Edible mushroom poisoning epidemiology mycologist

Introduction

The gathering and consumption of wild mushrooms is a traditional social outing in Europe, Asia, and the United States. ^1

–5 Mushrooms were described also as popular remedies in ancient oriental documents, and some of them became ingredients in traditional medicine.⁶ The consumption of wild mushrooms is very popular in Poland. An estimated figure of over 10 million Poles participate in mushroom hunts each year, and from 18,000 to 20,000 tons of wild mushrooms are harvested annually, usually for personal consumption. From about 10,000 species of mushroom about 50–100 species are poisonous.⁷

It is important to note that the most mushroom-derived toxins poisonous to humans are resistant to cooking, canning, freezing, or any other processing method. Therefore, the only way to avoid poisoning is to avoid consumption of the toxic species. There are no universal clinical care guidelines for the cases of mushroom poisoning. The choice of treatment is guided by the clinical symptoms, and for most mushroom toxins there is no antidote.⁸ Modern methods of intensive care medicine have reduced mushroom mortality and morbidity substantially.^1,4 The diagnosis of mushroom poisoning should be based on mushroom identification, clinical features, and laboratory analyses.⁹

Mushrooms have numerous spores characteristic for each species.^10,11 The gastric contents, the reminder of a mushroom dish, and the whole mushrooms themselves are subject to evaluation.

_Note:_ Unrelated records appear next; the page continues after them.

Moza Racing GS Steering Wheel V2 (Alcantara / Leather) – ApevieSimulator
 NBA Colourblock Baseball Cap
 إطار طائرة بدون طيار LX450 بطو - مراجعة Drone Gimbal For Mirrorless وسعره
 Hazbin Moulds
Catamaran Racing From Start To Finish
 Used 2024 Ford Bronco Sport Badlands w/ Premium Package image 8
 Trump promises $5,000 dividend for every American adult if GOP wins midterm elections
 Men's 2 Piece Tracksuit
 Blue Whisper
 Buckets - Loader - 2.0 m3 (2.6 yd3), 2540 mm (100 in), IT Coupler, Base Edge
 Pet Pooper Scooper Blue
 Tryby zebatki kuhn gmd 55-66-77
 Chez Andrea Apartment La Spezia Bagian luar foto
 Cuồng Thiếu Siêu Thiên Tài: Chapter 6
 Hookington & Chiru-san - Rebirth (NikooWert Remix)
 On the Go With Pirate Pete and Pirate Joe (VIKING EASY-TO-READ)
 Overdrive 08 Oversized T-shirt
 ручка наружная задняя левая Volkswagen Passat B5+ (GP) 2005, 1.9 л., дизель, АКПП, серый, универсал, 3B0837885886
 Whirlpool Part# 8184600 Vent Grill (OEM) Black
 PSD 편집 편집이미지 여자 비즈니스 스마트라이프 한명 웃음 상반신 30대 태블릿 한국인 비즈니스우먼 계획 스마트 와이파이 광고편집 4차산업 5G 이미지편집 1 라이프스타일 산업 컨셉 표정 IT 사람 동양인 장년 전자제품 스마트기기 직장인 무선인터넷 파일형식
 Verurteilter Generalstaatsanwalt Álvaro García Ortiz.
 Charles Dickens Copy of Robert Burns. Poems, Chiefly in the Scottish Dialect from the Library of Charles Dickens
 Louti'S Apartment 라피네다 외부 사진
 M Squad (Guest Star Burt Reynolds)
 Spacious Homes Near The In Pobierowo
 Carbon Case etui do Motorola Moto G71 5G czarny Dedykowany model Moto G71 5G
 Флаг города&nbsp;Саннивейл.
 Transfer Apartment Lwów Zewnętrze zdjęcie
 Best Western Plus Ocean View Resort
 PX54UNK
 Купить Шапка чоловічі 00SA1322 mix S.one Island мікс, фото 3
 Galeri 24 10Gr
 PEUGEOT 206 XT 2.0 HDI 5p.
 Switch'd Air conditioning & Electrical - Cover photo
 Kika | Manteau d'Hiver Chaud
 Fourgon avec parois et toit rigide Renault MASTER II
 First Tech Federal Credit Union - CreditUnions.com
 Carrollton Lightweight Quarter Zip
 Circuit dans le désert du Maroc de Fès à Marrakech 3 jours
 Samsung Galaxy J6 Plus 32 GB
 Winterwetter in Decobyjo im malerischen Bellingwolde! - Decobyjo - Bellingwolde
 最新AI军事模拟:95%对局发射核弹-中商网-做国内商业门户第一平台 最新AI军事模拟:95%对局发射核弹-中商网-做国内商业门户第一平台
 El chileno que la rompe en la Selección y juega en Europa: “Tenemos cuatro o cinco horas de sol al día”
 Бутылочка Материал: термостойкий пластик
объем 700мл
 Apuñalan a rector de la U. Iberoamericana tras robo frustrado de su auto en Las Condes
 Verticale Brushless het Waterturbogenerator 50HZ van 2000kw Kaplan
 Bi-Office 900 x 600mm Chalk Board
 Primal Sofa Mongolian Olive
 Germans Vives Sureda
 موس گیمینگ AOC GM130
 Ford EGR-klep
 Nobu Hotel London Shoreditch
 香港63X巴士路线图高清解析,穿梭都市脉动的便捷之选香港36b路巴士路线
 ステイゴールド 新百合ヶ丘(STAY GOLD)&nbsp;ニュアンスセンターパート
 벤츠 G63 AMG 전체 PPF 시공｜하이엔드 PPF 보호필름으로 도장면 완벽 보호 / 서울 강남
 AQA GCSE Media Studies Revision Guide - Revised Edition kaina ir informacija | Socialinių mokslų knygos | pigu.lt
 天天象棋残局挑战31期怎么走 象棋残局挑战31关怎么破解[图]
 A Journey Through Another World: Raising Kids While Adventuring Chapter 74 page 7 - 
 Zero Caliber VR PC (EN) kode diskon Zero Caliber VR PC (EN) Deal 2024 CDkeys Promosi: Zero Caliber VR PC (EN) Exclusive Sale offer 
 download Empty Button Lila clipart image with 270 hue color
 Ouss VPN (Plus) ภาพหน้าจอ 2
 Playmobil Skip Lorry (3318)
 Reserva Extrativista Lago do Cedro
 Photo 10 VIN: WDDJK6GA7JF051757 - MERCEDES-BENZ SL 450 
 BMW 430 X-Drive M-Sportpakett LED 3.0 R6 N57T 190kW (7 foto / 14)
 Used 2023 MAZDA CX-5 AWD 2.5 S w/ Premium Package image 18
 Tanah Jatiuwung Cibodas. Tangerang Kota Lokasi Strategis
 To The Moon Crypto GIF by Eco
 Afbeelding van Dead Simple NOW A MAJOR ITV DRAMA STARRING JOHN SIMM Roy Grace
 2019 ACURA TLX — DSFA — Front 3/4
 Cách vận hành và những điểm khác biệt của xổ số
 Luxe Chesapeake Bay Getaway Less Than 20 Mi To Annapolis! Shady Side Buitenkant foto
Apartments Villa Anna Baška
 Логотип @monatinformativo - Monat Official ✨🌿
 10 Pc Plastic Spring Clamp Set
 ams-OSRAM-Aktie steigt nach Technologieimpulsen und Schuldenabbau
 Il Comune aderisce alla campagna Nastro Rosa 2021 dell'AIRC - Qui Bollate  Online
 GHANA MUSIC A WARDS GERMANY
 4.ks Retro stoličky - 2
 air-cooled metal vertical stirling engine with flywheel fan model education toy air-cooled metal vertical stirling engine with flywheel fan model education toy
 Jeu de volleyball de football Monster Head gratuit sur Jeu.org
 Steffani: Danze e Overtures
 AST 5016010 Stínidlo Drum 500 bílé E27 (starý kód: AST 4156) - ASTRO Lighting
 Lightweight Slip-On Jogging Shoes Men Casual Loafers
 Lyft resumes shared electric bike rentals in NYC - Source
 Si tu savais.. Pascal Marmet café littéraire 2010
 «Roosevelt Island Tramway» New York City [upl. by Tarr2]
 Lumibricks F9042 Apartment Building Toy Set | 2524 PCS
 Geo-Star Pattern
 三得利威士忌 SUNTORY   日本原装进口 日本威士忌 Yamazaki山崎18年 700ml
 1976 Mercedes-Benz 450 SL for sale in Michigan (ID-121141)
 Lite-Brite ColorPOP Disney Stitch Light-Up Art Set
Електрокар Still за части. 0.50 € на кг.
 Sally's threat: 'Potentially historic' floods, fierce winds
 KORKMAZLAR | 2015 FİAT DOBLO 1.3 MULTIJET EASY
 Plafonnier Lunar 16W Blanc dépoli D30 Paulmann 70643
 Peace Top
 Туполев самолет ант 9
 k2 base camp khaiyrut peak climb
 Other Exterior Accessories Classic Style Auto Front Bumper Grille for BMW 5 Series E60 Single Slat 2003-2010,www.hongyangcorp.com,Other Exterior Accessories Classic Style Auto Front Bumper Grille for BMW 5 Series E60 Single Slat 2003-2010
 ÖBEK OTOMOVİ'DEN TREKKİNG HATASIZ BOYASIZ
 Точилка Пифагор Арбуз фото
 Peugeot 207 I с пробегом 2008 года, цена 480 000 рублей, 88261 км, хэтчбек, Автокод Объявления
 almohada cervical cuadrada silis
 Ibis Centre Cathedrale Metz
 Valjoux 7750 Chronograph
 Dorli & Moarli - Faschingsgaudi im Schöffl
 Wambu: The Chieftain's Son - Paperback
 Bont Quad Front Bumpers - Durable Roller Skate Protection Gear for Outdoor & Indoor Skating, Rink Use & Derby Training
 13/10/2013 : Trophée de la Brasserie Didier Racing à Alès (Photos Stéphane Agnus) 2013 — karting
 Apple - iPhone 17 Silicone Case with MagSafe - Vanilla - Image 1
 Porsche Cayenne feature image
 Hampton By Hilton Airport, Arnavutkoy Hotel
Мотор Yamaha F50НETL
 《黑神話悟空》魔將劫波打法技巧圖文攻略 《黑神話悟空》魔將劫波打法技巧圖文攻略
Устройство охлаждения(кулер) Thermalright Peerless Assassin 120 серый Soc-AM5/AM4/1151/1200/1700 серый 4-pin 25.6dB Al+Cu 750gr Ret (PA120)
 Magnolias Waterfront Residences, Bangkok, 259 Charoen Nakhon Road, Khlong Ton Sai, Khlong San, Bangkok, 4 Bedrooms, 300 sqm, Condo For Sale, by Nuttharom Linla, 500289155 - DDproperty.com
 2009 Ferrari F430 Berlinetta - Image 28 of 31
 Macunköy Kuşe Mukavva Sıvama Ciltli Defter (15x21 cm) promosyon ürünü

Most literature related to mushroom exposures and poisonings are clinical case reports, with few studies characterizing the epidemiology of exposures.¹² Additionally, in medical literature, there are studies investigating exposure to toxic mushrooms and subsequent hospitalizations in the United States^3,12,13 but comparable studies in Europe appear seldom, to our knowledge.^2,9

The observations supported by data in the literature indicated edible species as the most common cause of mushroom poisoning.^2,11 Since edible mushrooms do not have specific toxins, what is the cause of their toxicity? The preliminary study led us to believe that the circumstances of mushroom collection, transport, and storage might be related to the edible mushroom poisonings.¹⁴ The study group consists of wild mushroom-poisoned adult patients admitted to the Department of Clinical Toxicology (DCT), Jagiellonian University Medical College in Krakow, Poland. In each case of mushroom poisoning, the detailed interview concerning the proceeding with mushroom during and after collection, and the mushroom dish was done.¹⁴ The specialist mycologist made a spore analysis of the gastric contents and identified mushroom species. We performed this study to present descriptive epidemiological data on mushroom enquiries to the DCT in Krakow, with particular attention to the circumstances of their collection, transportation, and storage. The results have been compared with literature data.¹¹

Materials and methods

This study was conducted retrospectively after examining the files of adult (18 years and older) patients with wild mushroom poisoning who were admitted to the DCT from 2002 to 2009. The referral population, in Southeast Poland, amounts to about 7 million people. Demographic and detailed clinical information on exposure cases, circumstances of poisoning, symptoms, and the causality are recorded in a systematic and standardized manner by a physician trained in clinical toxicology. On admission to the DCT, the form concerning the circumstances related to the mushroom gathering, transport, storage, preparation, and consumption was completed.¹⁴ A detailed history was taken from each patient.

The database was reviewed by one doctor specializing in clinical toxicology. The diagnosis of mushroom poisoning was based on the history provided by the patients, symptoms, and physical examination. The laboratory tests conducted included blood analysis namely electrolytes (sodium and potassium), creatinine, glucose, alanine aminotransferase, aspartate aminotransferase, creatine kinase, total bilirubin, blood cell counts (red blood cells, white blood cells, hematocrit, hemoglobin, and platelets), and prothrombin time expressed as the international normalized ratio index. Additionally, when Amanita phalloides poisoning was suspected, urine analysis used for amanitin was conducted. Patients with co-ingestion of drugs in overdose or drugs of abuse, affected by diseases of the digestive system, and subjects treated with medicine that might affect gastrointestinal function were not enrolled. Febrile patients were excluded from the study because of infection suspicion, which could be responsible for reported complaints. In all of the included cases, the specialist mycologist made a spore analysis of the gastric contents. Microscopic examination of the gastric contents is aimed at determining the presence of spores and spore identification. The species of the poison-inducing mushroom was determined in all included cases.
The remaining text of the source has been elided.